# WORK ORDER
Nothing but the lines from the one with "Engraved 8oz Executive Leather Flask" through the end of the material should be retyped, word for word and without pictures.

# GIVEN DATA

★ ★ ★ ★ ★

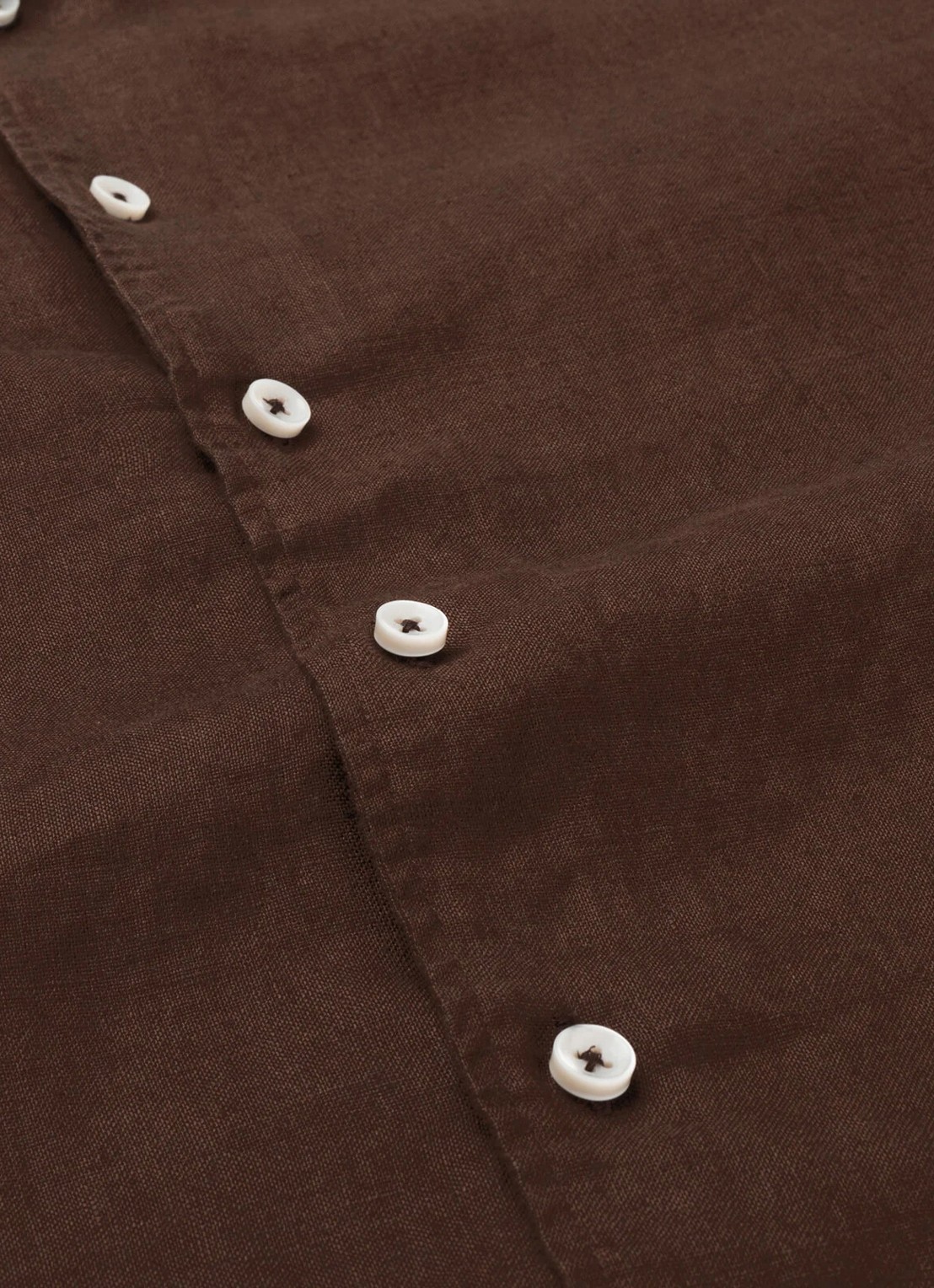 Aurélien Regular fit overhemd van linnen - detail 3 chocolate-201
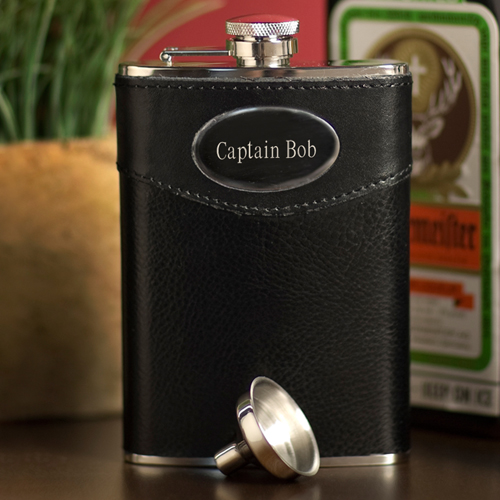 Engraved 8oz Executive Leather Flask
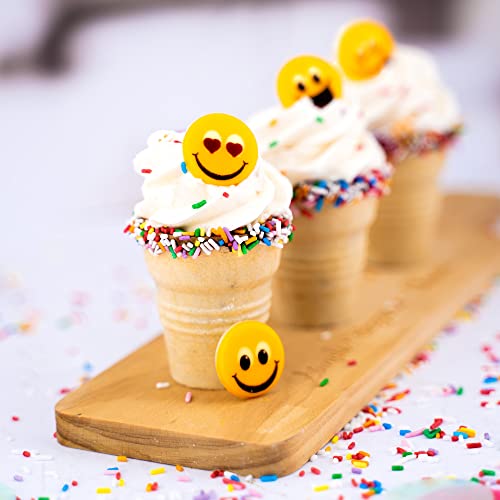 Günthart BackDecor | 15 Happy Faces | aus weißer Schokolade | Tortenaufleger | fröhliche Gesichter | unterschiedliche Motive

★ ★ ★ ★ ★

# OUTPUT
 Engraved 8oz Executive Leather Flask
 Günthart BackDecor | 15 Happy Faces | aus weißer Schokolade | Tortenaufleger | fröhliche Gesichter | unterschiedliche Motive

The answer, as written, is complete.